100 signatures reached
To: Louisiana Governor John Bel Edwards
Children held in Prison in Louisiana are in Danger during this Pandemic
In light of the national health crisis and tragedies that have re-illuminated the urgent need to advance racial justice, we urge you to immediately take the following actions:
• Immediately release all youth currently incarcerated;
• Ensure released youth receive transitional support that includes housing, health care & food;
• Enact a moratorium on the new construction or reopening of youth correctional facilities, including those currently planned by the Office of Juvenile Justice;
• Commit to closing all youth prisons and redirect the savings from youth prisons closures to alternatives to incarceration;
• Invest in the mental health, education, financial wellness of youth, and the hiring of a supportive deputy secretary with comprehensive experience implementing best practices for youth in rehabilitative settings;
• Recommit to advancing the full implementation and renewal of the Juvenile Justice Act of 2003, Act 1225, along with a drastic overhaul and cultural shift in the way our state and society approaches crime among our youth;
• Shift school funding from police to school counselors, peace builders, and positive discipline;
• Divest funds from police and their militarization;
• Cease any and all tactics, tools or activities that intentionally or unintentionally seek to disproportionately contain, control, and terrorize youth; and
• Meet with FFLIC, families, youth, and community members to discuss the need for a collaborative process to create a plan for system transformation
Please let us know if you have questions or need additional information. As representative of the LCYJR, you can reach me at 504 -708-8376 or via email at email@example.com.
Why is this important?
On behalf of the Louisiana Coalition for Youth Justice Reform (LCYJF), we are writing to raise our concerns about the impact of Covid-19 on incarcerated youth and to share our recommendations for youth justice system transformation. We are the Steering Committee for Families and Friends of Louisiana’s Incarcerated Children’s (FFLIC) “No More Prisons” Campaign. FFLIC is an organization dedicated to creating a better life for all of Louisiana’s youth, especially those involved in or targeted by the juvenile justice system, and the undersigned organizations.
As you know, the recent high-profile police murder of George Floyd has highlighted how the criminal justice system perpetuates deep and historic injustices and oppression in this country and here in Louisiana. This tragedy, as well as other recent murders by police, coupled with the devastating impact of Covid-19 on the African-American community, has underscored the need to change the way we function as a society, especially our juvenile justice systems. We now have an opportunity presented by the recent tragic events to reevaluate our systems and move forward with a renewed commitment toward racial justice in all systems, including the juvenile justice system.

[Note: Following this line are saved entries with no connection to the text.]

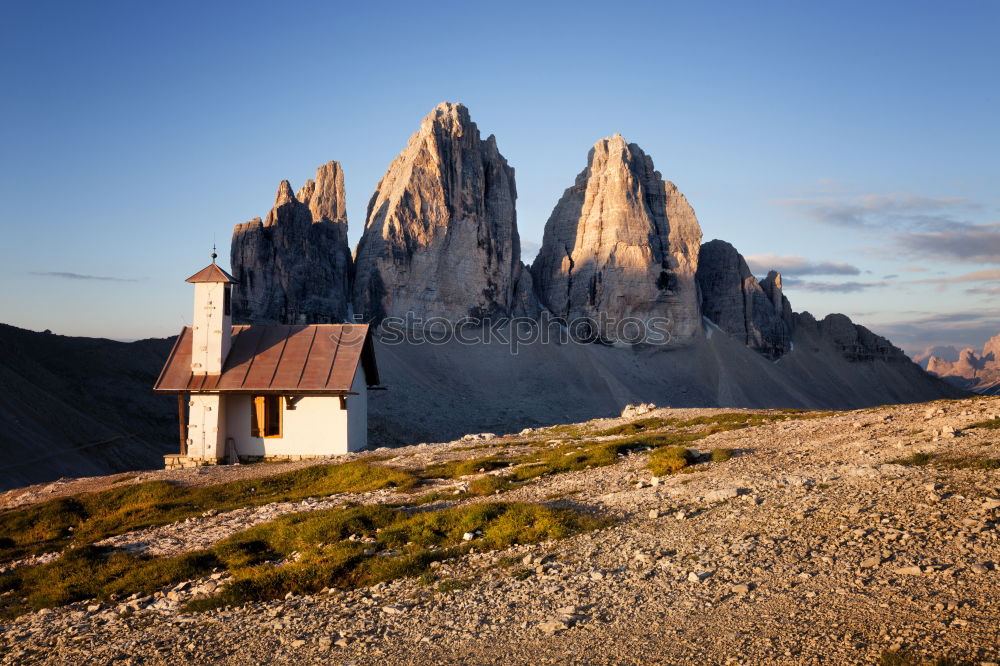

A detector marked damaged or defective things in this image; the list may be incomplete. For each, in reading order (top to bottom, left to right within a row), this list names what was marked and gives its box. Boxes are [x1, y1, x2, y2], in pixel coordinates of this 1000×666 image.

rusty metal roof [185, 262, 237, 282]
rusty metal roof [152, 322, 378, 392]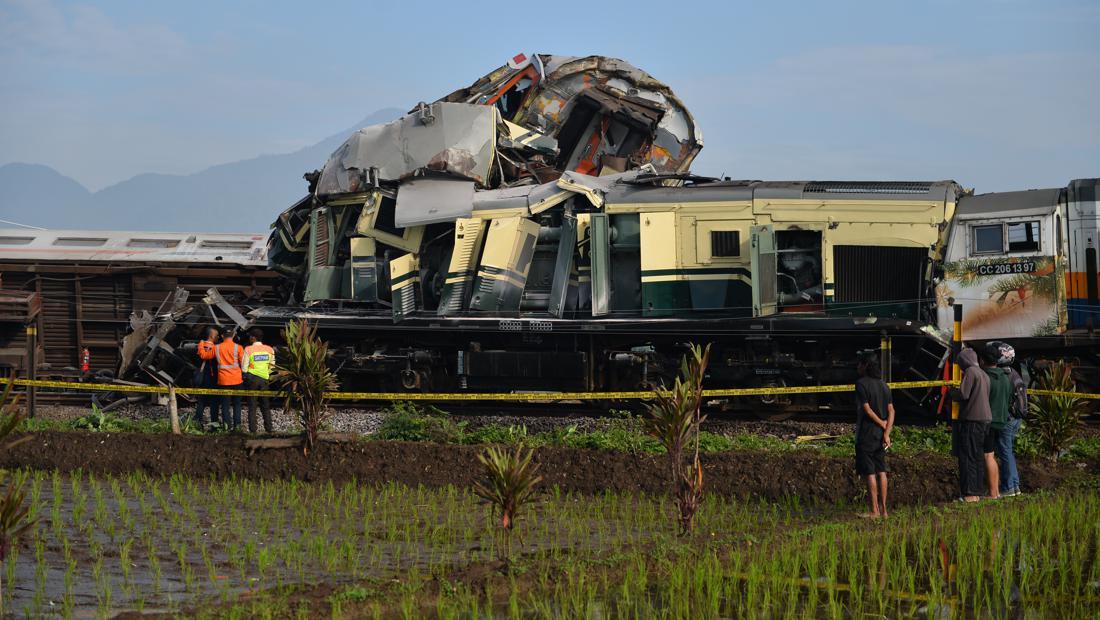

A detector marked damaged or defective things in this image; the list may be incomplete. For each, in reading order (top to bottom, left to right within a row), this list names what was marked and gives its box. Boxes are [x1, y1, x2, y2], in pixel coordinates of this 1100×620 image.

torn metal sheet [319, 101, 499, 194]
torn metal sheet [398, 176, 479, 227]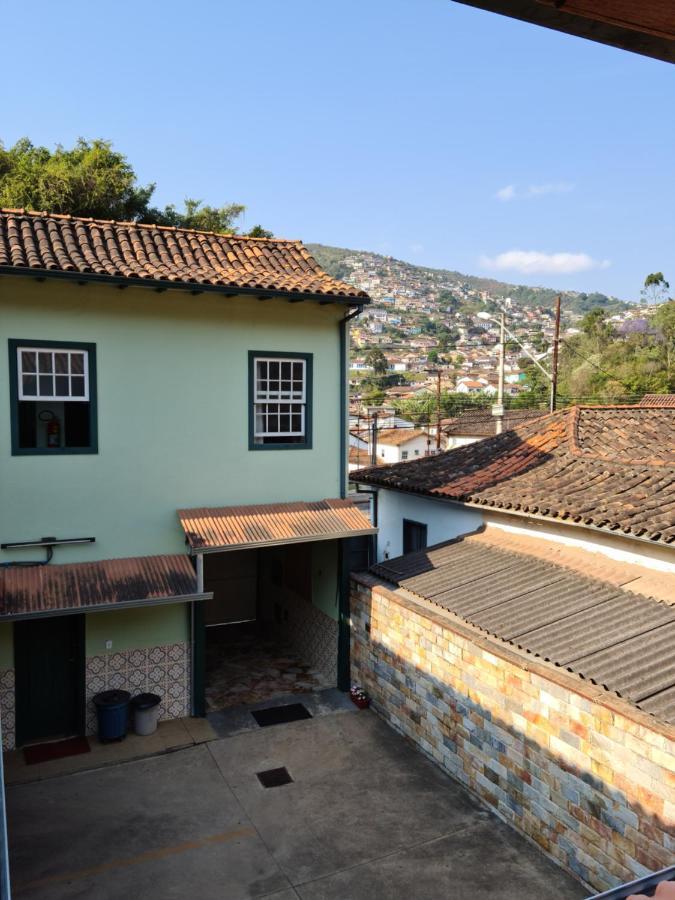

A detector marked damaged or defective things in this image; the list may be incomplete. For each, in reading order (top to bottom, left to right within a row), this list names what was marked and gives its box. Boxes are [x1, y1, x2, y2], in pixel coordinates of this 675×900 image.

Across the nation, rates of youth incarceration are declining. According to the Justice Policy Center, between 1999 and 2015 the number of youth detained or placed out of home declined by more than half. Recently, as a result of Covid-19, this trend accelerated rapidly as states and localities across the nation recognized the dangers and inefficacy of incarceration. A new survey of juvenile justice agencies across the United States found the rate of young people admitted to detention fell 52% in March and April — a decline in two months equal to what took place over 13 years. In Louisiana, according to one article, there was an almost 50% reduction of children in the state's three juvenile detention centers in about two and a half years, from mid-2016 to March 2019.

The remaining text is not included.